- DIRECTIONS FOR THIS TASK -
Among the records below, find the line that has "Anthropologie Spotted Pajama Top NEW Size Medium Petites"; from there, give the lines again exactly, and stop after the line that has "Fil ciré classique".

- EXERCISE DATA -

==========

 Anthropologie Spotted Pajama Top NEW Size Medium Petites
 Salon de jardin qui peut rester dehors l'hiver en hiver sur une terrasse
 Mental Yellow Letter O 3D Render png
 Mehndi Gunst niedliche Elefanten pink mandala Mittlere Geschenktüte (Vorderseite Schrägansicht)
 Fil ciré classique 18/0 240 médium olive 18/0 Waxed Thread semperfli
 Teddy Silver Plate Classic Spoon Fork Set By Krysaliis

==========

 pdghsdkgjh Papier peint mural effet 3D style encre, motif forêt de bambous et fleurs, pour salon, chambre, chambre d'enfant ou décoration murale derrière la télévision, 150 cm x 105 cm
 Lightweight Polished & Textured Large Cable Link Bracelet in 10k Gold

==========

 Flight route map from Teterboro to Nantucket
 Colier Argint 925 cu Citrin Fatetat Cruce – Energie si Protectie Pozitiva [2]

==========

- RESULT BELOW -
 Anthropologie Spotted Pajama Top NEW Size Medium Petites
 Salon de jardin qui peut rester dehors l'hiver en hiver sur une terrasse
 Mental Yellow Letter O 3D Render png
 Mehndi Gunst niedliche Elefanten pink mandala Mittlere Geschenktüte (Vorderseite Schrägansicht)
 Fil ciré classique 18/0 240 médium olive 18/0 Waxed Thread semperfli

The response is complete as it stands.